Wall Township DWI Breath Test Refusal Lawyers

The ability to operate a motor vehicle is a privilege and not a right under NJ law. A condition to this right is a motorist’s obligation to consent to submission of a breath sample when properly demanded to do so by a police officer. When an accused fails to consent, he or she may be issued a summons for refusal under N.J.S.A. 39:4-50.2 If you have been charged with this offense in Wall NJ, our lawyers possess the knowledge and experience you need to contest the refusal. Give our Wall NJ DWI attorneys a call anytime 24/7 and we hope that you find the information that follows to be of assistance.

N.J.S.A. 39:4-50.2 –  The NJ Refusal Law

In accordance with this statute, an individual is “deemed to have given his consent to the taking of samples of his breath…to determine the content of alcohol in his blood” when there exists “reasonable grounds to believe that such person has been operating a motor vehicle” while intoxicated. A police officer must, however, adhere to certain legal requirements in making the request, specifically, he must inform the accused of his rights by reading a standard statement that has been adopted by the Director of the Division of Motor Vehicles. If an individual refuses after the statement is read, then he shall be charged with refusal and then becomes exposed to the penalties set forth under N.J.S.A. 39:4-50.4a.

N.J.S.A. 39:39-50.4 – Penalties for Refusal

  • License Suspension.
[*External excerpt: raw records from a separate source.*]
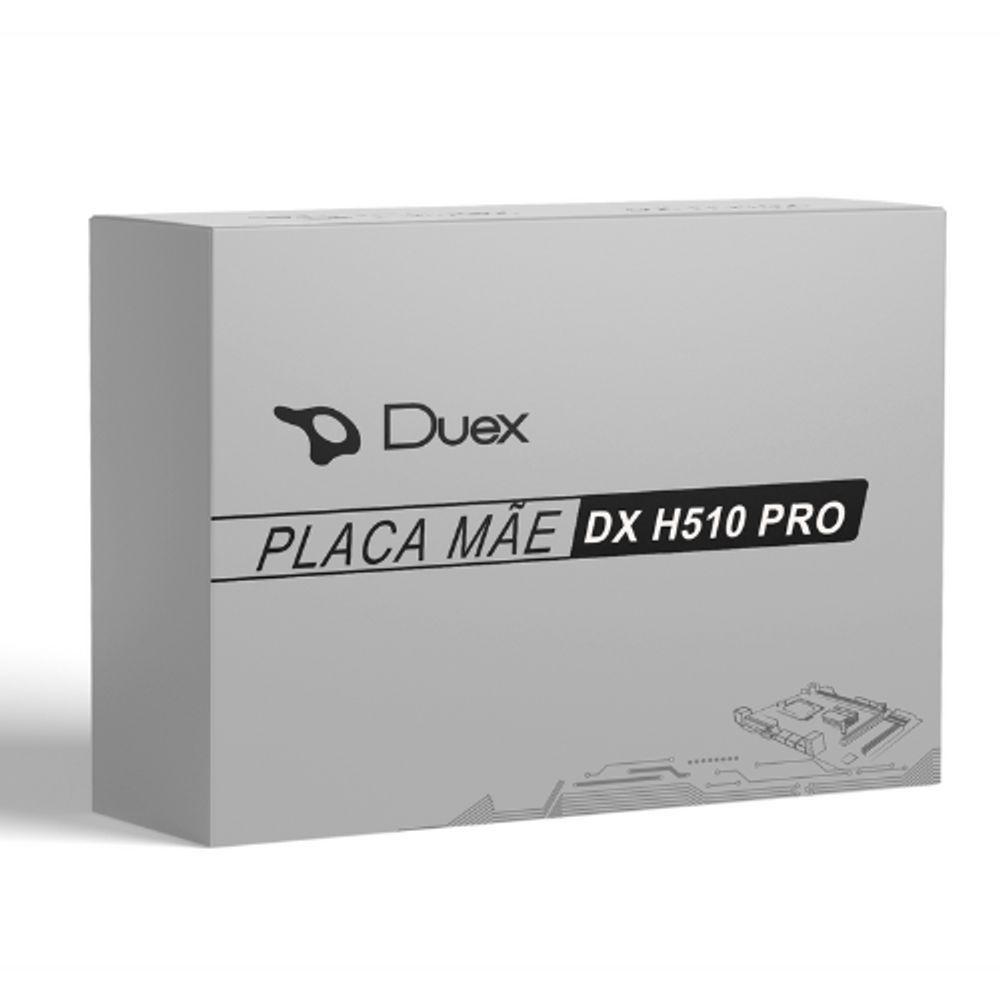 Placa Mãe Duex H510zg Lga 1200 - 3
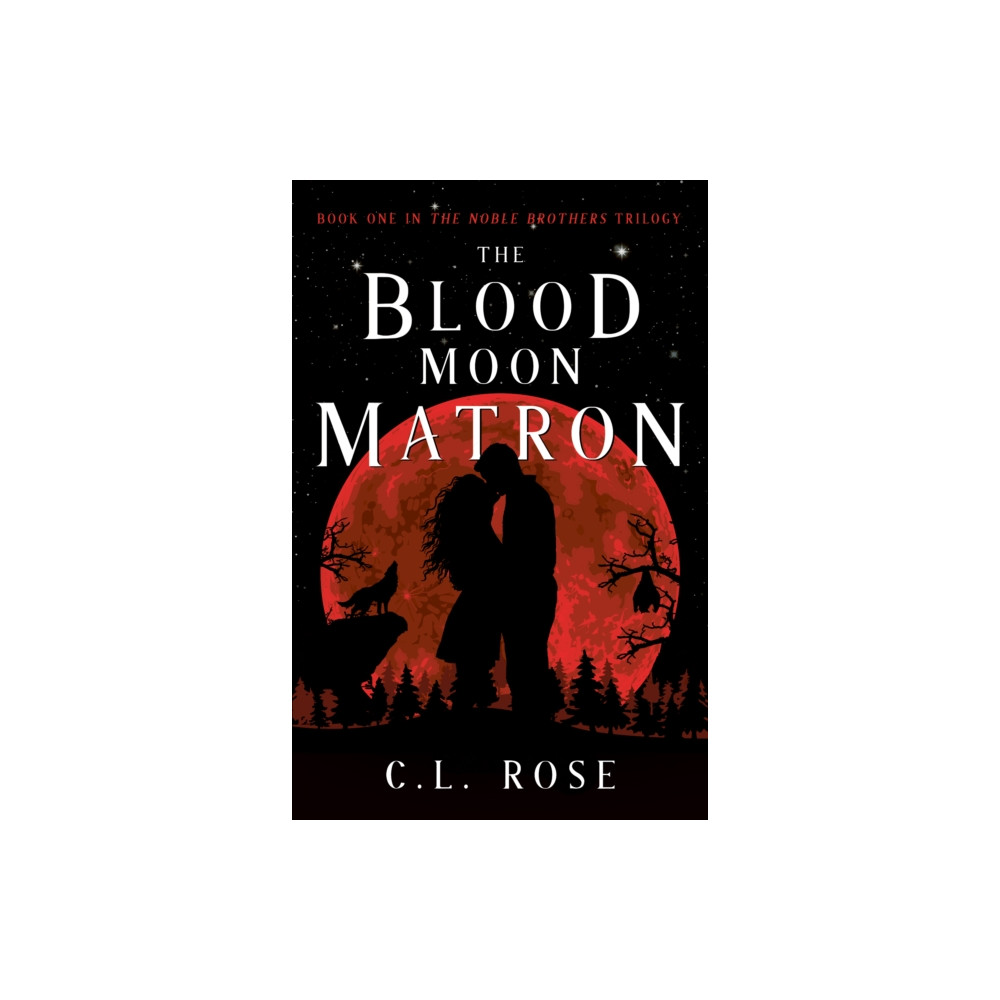 Produktbild för The Blood Moon Matron (häftad, eng)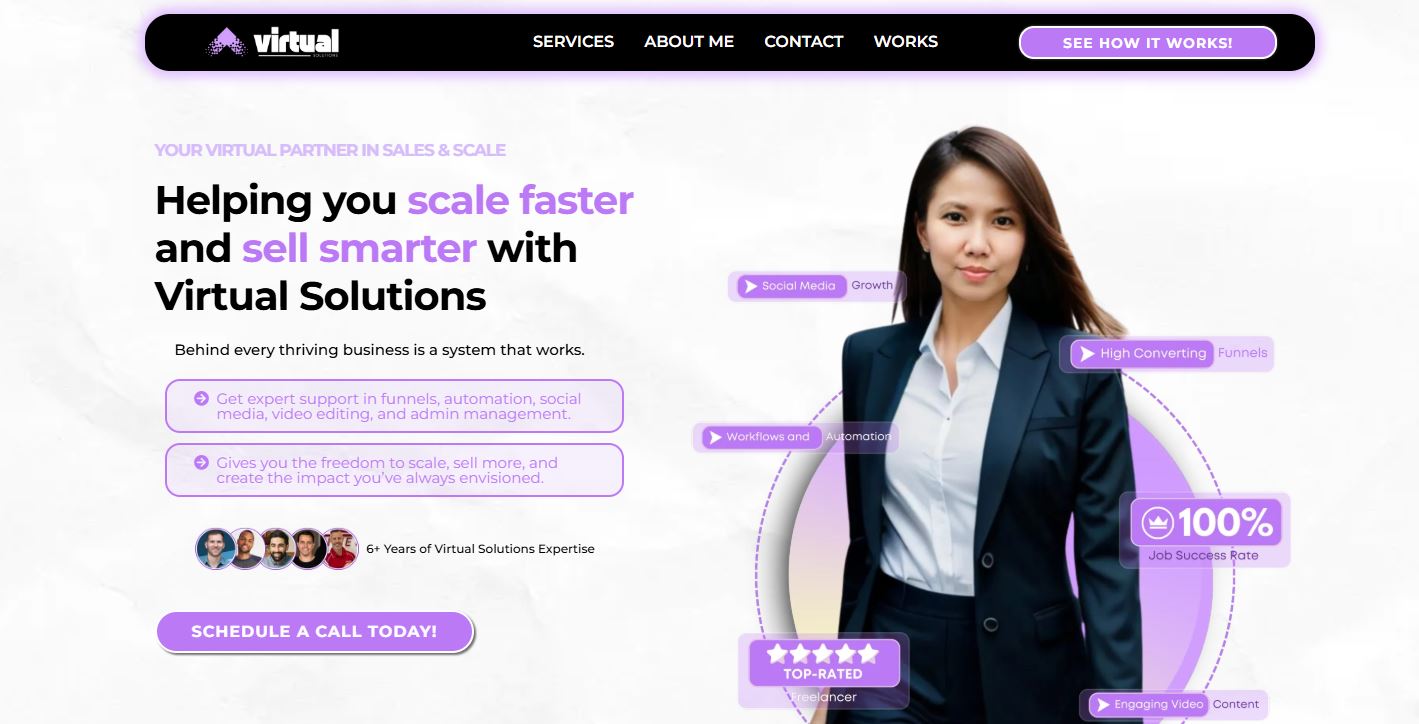 Virtual Solutions Portfolio | VA Services by Hanna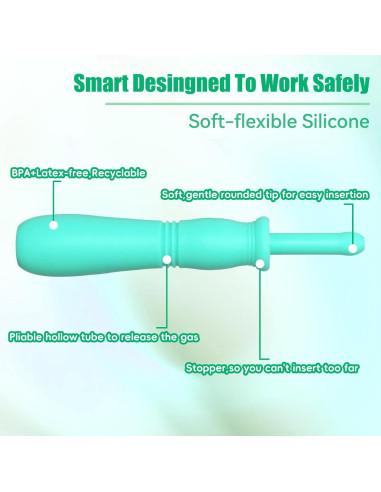 20 Contadores de Alivio de Gas y Cólico para Bebés Glopole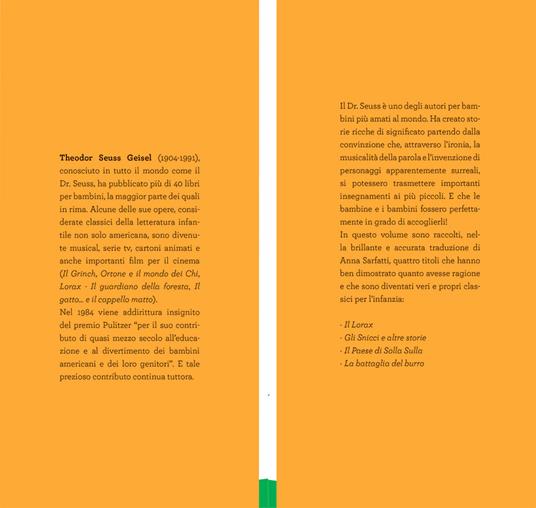 Seuss. Quattro storie per diventare grandi - Dr. Seuss - 3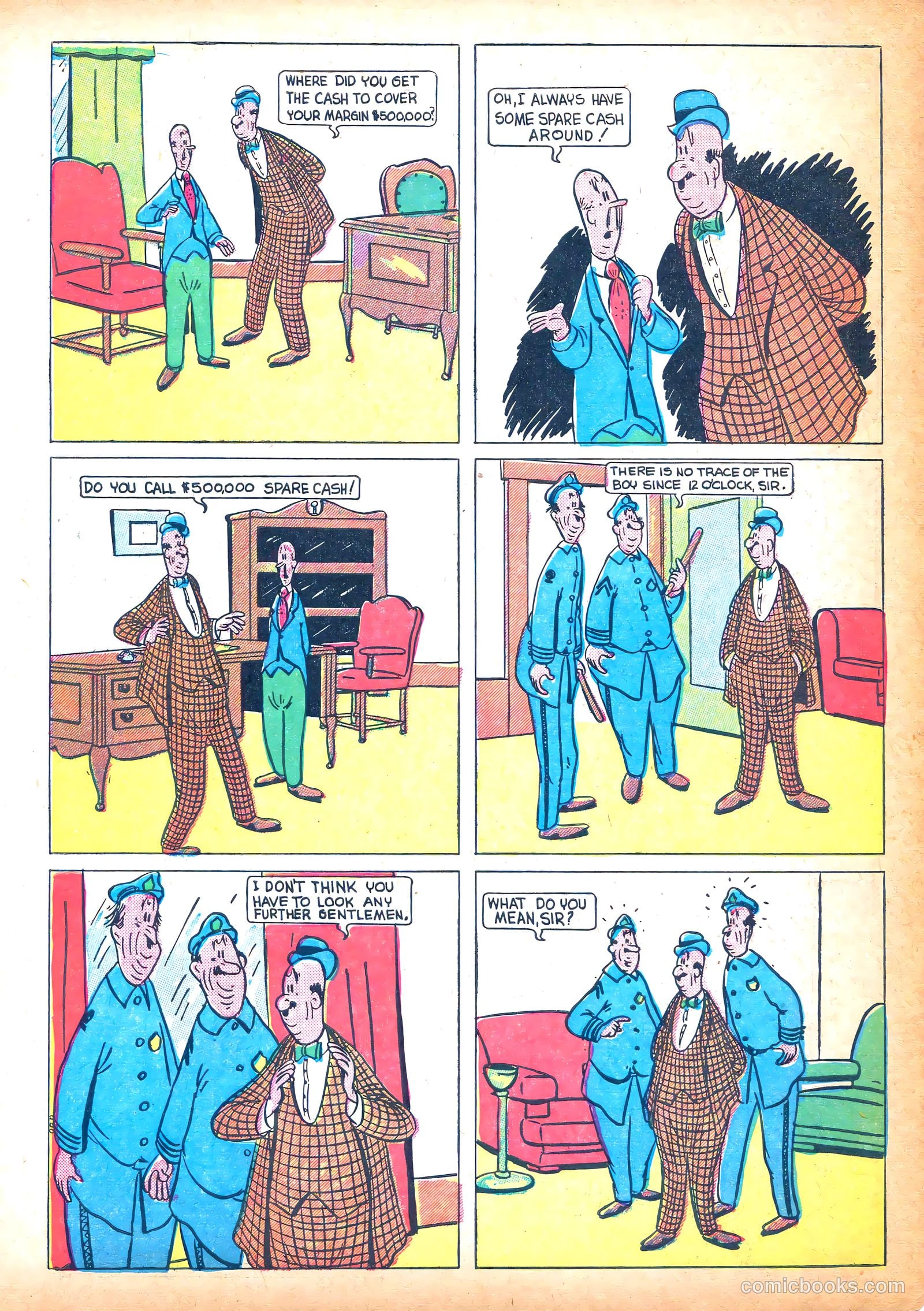 Funny Picture Stories #6 — page 27 of 67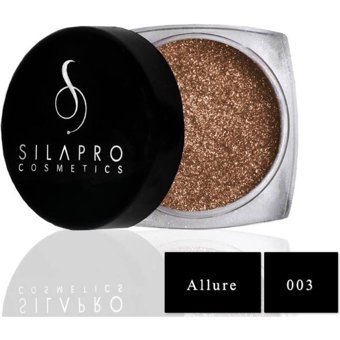 Silapro Cosmetics SP003 Jel Glitter Tekli Far Turuncu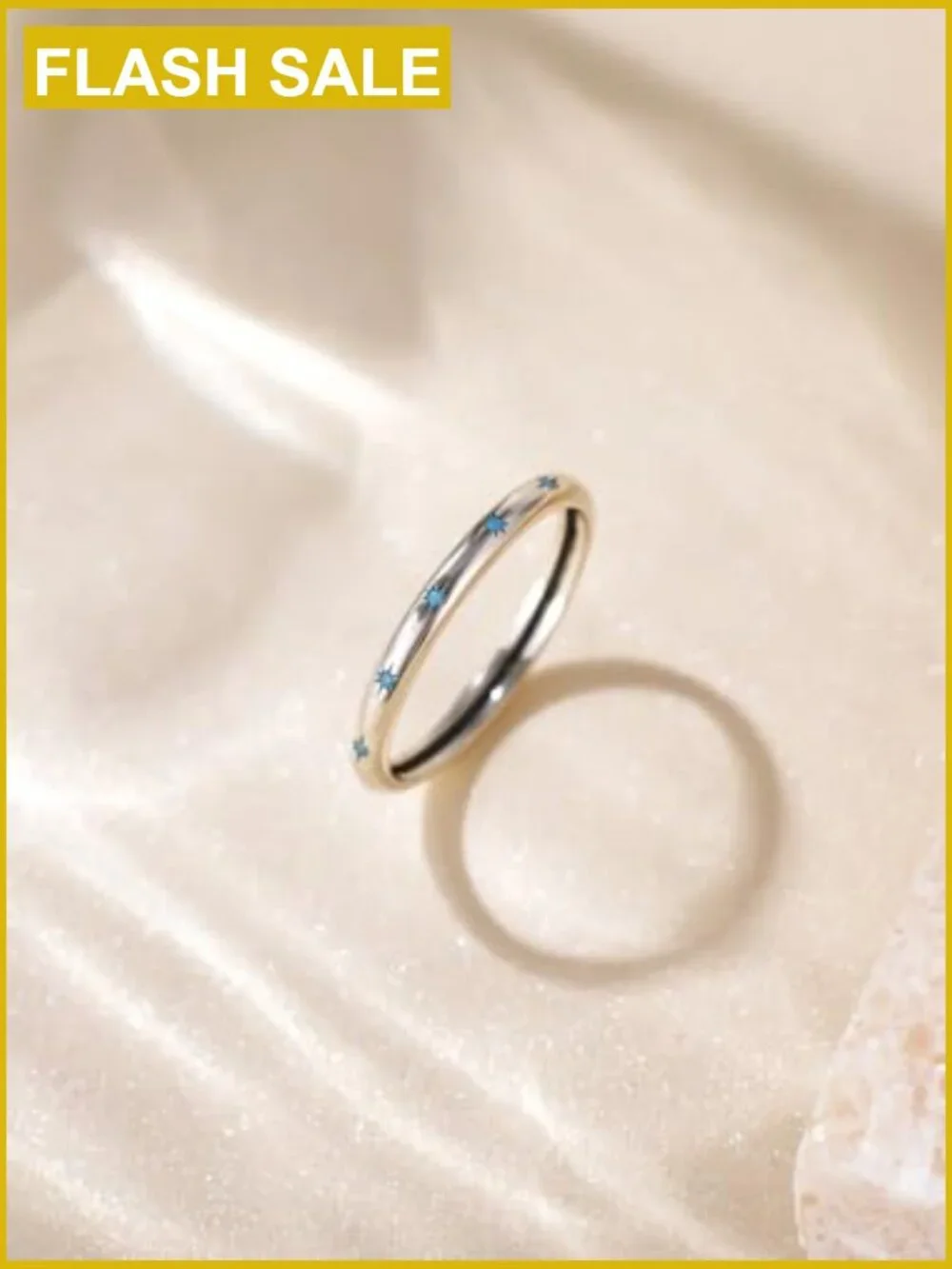 925 Sterling Silver Stacking Ring Engagement Wedding Band Created Turquoise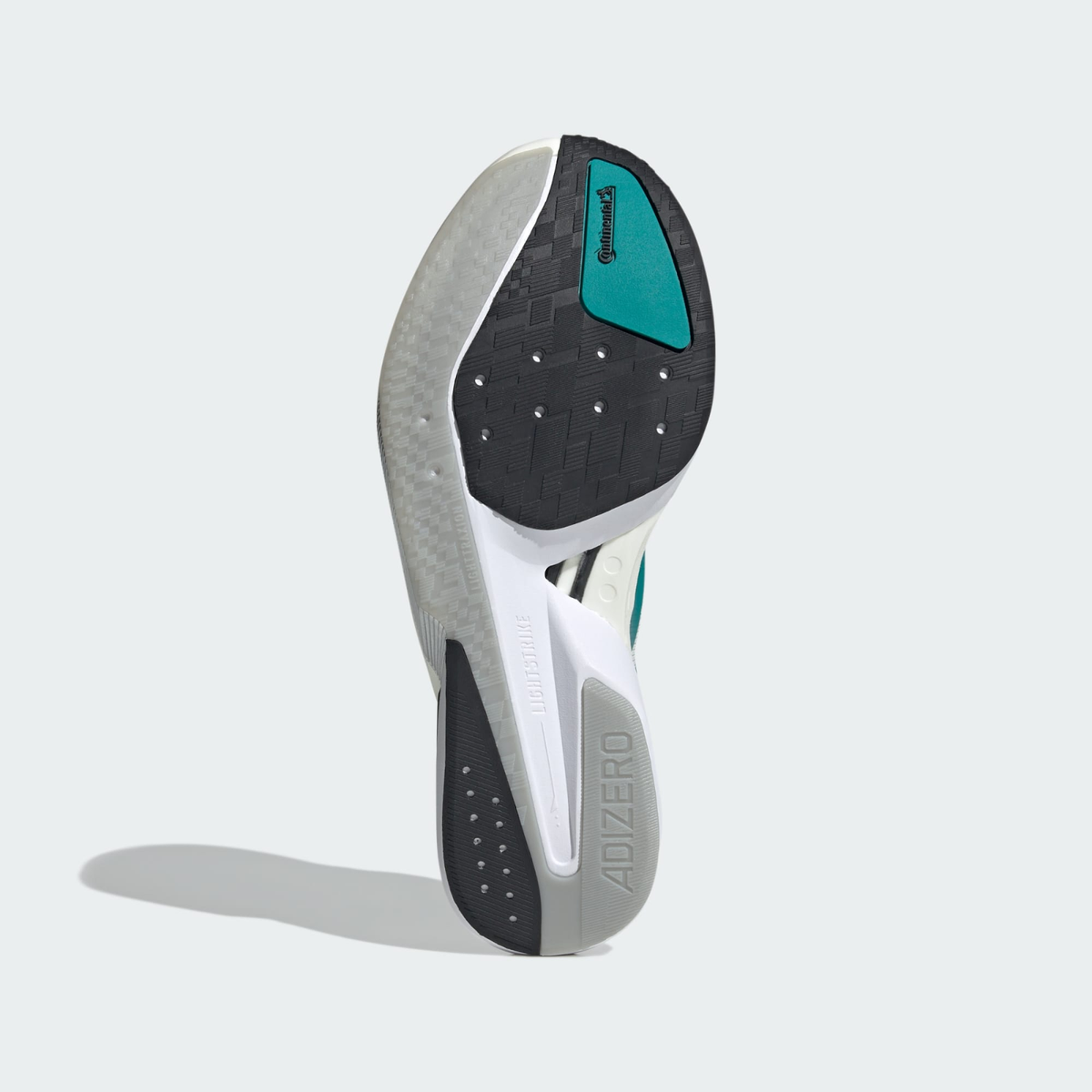 adidas Adizero Boston 13 White Pure Teal JR4791 new Adidas Adizero Boston 13 | Trackandfieldclothes main image 4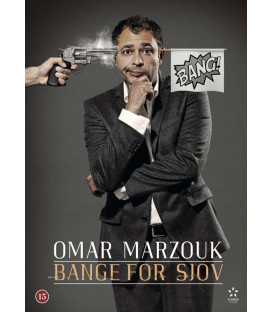 Omar Marzouk: Bange for sjov - DVD - BRUGT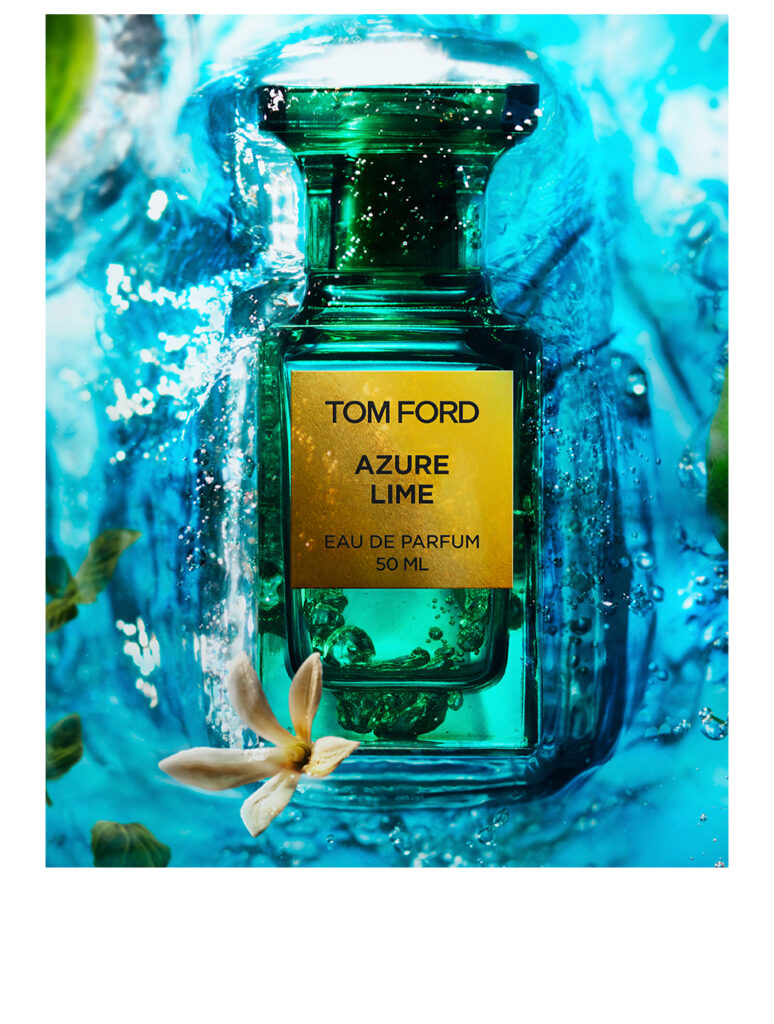 Tom Ford Beauty reimagines its Azure Lime perfume for summer - HIGHXTAR.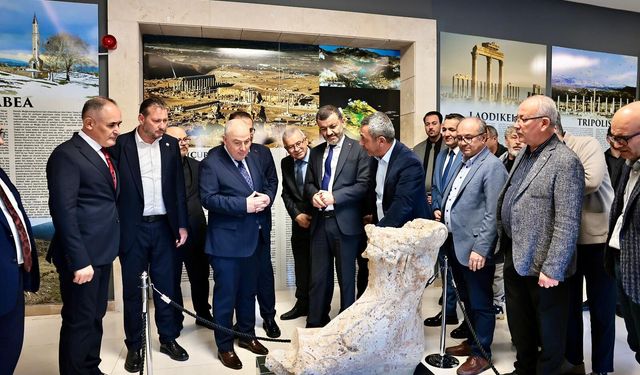 Denizli’nin antik mirası bu sergide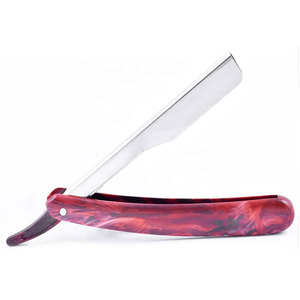 Maquinilla de afeitar desechable multicolor, cuchillas gemelas de acero inoxidable, maquinilla de afeitar recta de una sola hoja, multisombra mango de plástico, afeitado - Product Image 1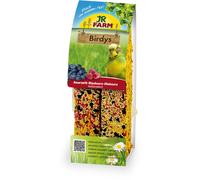 JR Farm Periquito Amaranto Arándano Frambuesa 5x2ud. (130gx2)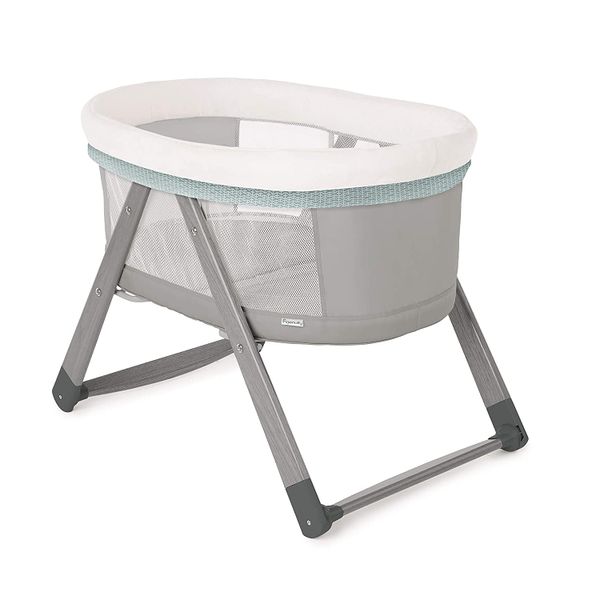 Ingenuity Foldaway Rocking Wood Bassinet - Wallace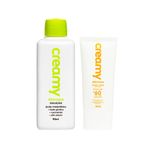 Kit-Facial-Creamy---Watery-Lotion-Protetor-Solar-Fps60-50-ml---Acido-Tranexamico-90-ml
For a first offense, the license suspension is seven (7) months. A second offense carries two (2) years revocation. A third or subsequent offense results in a ten (10) year license suspension.
  • Fines. The fine is $300 to $500, $500-$1,000, and $1,000 for a first offense, second offense and third offense, respectively.
  • Ignition Interlock. For a first offense, the ignition interlock must be in place for the period of suspension and for 6 months to 1 year following restoration. For a repeat offender, the interlock must be in place for the period of suspension and one (1) to three (3) years following expiration of the period of suspension.